The artist impatiently waited for the continuation, tapping his cane, and, without waiting, jokingly bowed either to his interlocutor, or to the grateful spectators and loudly introduced himself:

- Salvador Domenech Felip Jacinte Dali and Domenech, Marquis de Dali de Pubol.

“Nooo,” Anna moaned too loudly, and the artist turned to her, raising an ironic eyebrow. He clicked his shoes, bowed his head and confirmed with a chuckle:

- Himself.

- Can't be! - Anna already said this in a barely audible whisper. Her lips stuck together, her throat was dry, it seemed to the girl that even the church on canvas, and maybe even on the square, squinted in surprise. - Salvador Dali! Anna squeezed the brush she held in her hand so that her knuckles turned white, her nails dug painfully into her palm.

If you look, this meeting was not so impossible. After all, Figueres is the artist's hometown. Here he was born, grew up, his father lived here, his sister's family probably lives here. Yes, and Dali himself may well have an apartment or even a house here. Although, as far as Anna remembered, the newspapers wrote that he built a castle for his wife in Pubol. Perhaps they live there. Or, as before, in Port Lligat. Be that as it may, but all these places are very close to Figueres. Dali is a free man, much more free than others. And he certainly can afford to be where he pleases. Perhaps if it had been announced last year that Armstrong had landed on the moon with a famous Catalan, Anna would have been less impressed. Although, of course, in itself this assumption is incredible and not at all in the spirit of the artist. Dali is very sensitive to his health, to issues of safety and self-preservation. He may well have decided that space is teeming with unknown bacteria. But if he was persuaded to put on a spacesuit and explained that the flight would be the most grandiose event in the history of mankind (how could such a grandiose event do without Dali himself?), then the shocking king could take advantage of the offer for another dizzying exit. But the artist did not fly to the moon. But he stood here, in the center of Figueres, a few steps from Anna and her easel, casually leaning on a cane and looking at his companion with an expression of extreme displeasure.
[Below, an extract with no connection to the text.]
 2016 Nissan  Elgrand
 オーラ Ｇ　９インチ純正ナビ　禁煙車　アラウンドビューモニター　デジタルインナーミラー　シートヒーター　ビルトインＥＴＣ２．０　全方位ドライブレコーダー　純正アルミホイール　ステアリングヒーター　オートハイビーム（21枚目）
And this unexpected proximity of a genius, this wonderful moment, which Anna could not dream of even in her wildest dreams, seemed so unreal that the girl even had to close and open her eyes several times and pinch her hand painfully to believe: this is not a dream. and not a mirage.
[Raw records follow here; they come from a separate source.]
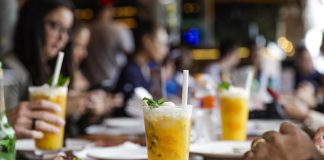 Ruta cultural y gastronómica transforma el malecón de Río de Janeiro en vitrina de Brasil Fotografía de una Caipirinha de maracuyá del quiosco Mureta do Leme, uno de los lugares que forma parte de la ruta Sabores da Orla, en Río de Janeiro (Brasil). EFE/André Coelho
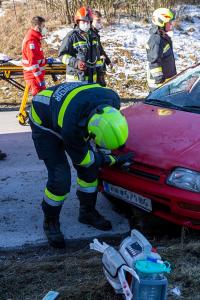 Fahrzeuglenker nach Überschlag im Fahrzeug eingeschlossen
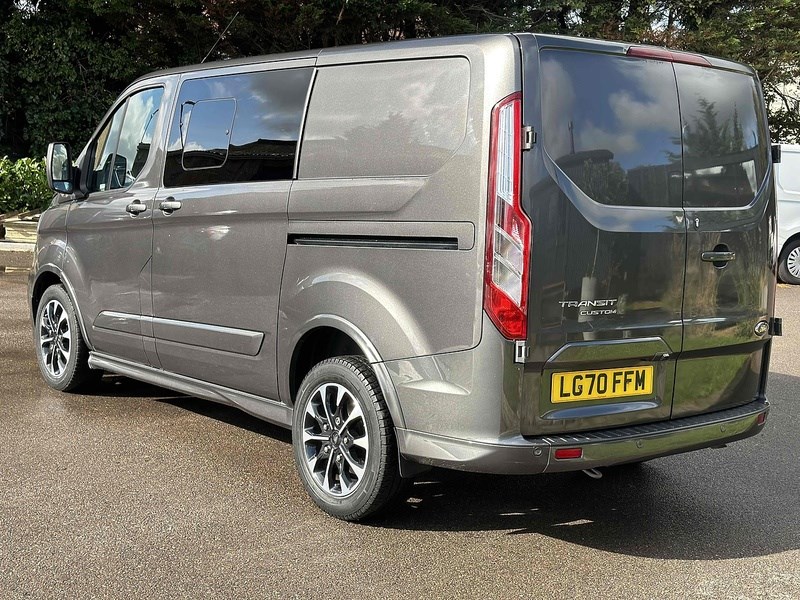 Ford Transit Custom Listing Image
Having produced the desired effect, the artist forgot about the world around him and completely paid attention to the man who stopped him. He said something quietly, hastily to Dali. Even at a distance, Anna could see how worried this elderly, rather plump man: perspiration appeared on his forehead, his face turned red, his hands were constantly moving in some kind of unrestrained dance, designed to convince the artist that the interlocutor was right. It was impossible to make out the words, but Anna noticed how one of the dancing hands touched Dali's brush, and he immediately twitched in disgust, took a snow-white handkerchief from his pocket and hastily wiped his palm (the artist experienced a pathological fear of germs). However, the interlocutor of the artist did not notice anything and continued to bombard him with unknown arguments. Anna understood that she was acting ugly, but she could not force herself to look away and kept her eyes on what was happening. She could not see the face of the artist, but for some reason it seemed that he was listening inattentively and even dismissively. She was probably right, because very soon Dali waved his hands, as if trying to push the man away from him, and said quite sharply and loudly:

- It's outrageous! They want the impossible! Never! Do you hear?! This will never happen!
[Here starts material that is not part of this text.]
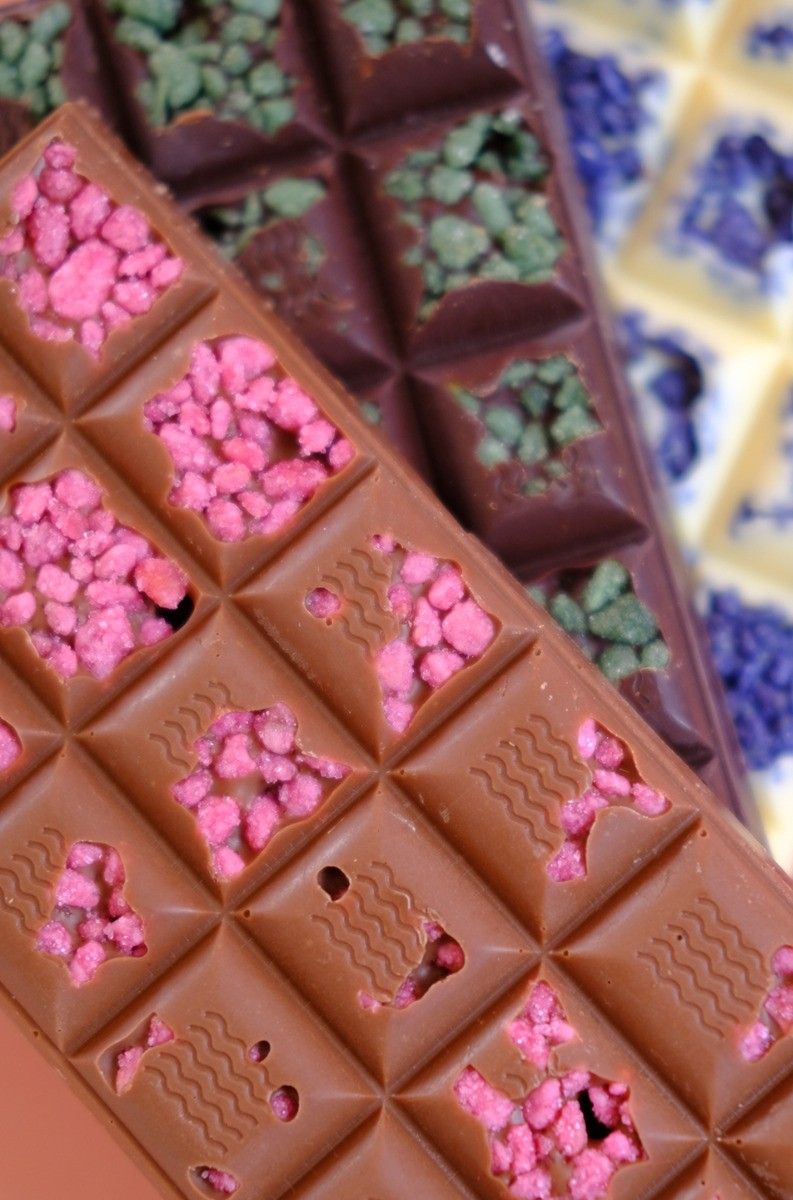 chocolat au lait à la rose, chocolat noir à la verveine, chocolat blanc à la violette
Dali’s interlocutor, obviously, was tired of persuasion, he also switched to raised tones and recited in syllables to the entire square:

- Do-may, Sal-va-dor! You went to e-th-th for ten years. Bu-det o-bid-but, if ...

- Get out! - Dali squealed furiously and waved his cane, almost hitting his companion. The man recoiled and turned pale. Then he pulled himself together and, with a short nod: "As you wish," he turned sharply and walked back to the theater. In a few seconds he had already disappeared behind the stone ruins. The artist was left alone.

The square was full of people. Eleven o'clock is coffee time for all of Spain. And if the weather is good, tables in street cafes will never be empty at this time. Even the sassy ginger cat had to give way to lovers of the magic drink. The mysterious morning silence was replaced by delicious smells, loud sounds, a hurried mood. The town came to life, hurried, bustled, and in this short pause at the shabby wooden tables under the rays of the spring sun, no one cared about the thin man who stood alone in the square. He looked around in confusion, as if seeking consolation. Anna felt pity for the artist spread in her soul. As a rule, most famous personalities are burdened by inattention to their immodest personas, and even Dali, such behavior of the public should have frightened, annoyed and simply enraged. He looked around with the dissatisfaction of a predator that missed its prey. His intense gaze met Anna's pitiful eyes. The artist moved towards the girl. Her heart began to pound. Blood rushed to her cheeks. "God help me! What to do?" Anna turned to the easel and began to apply random strokes to the canvas. At the same time, she understood that she risked spoiling the landscape, but she could not force her hand to stop.

“Eleven,” came a moment later behind her. Anna did not dare to turn around, and the artist continued:

It's a crime to work during this time.

“I… I…” the girl bleated indecisively, “I know.

She pulled herself together and, turning to the artist, explained:

In an hour the sun will change the light and I won't be able to finish.

“So, finish another time,” Dali grimaced. - It's coffee time. And you have the right company for this. The artist tilted his head, acknowledging the invitation.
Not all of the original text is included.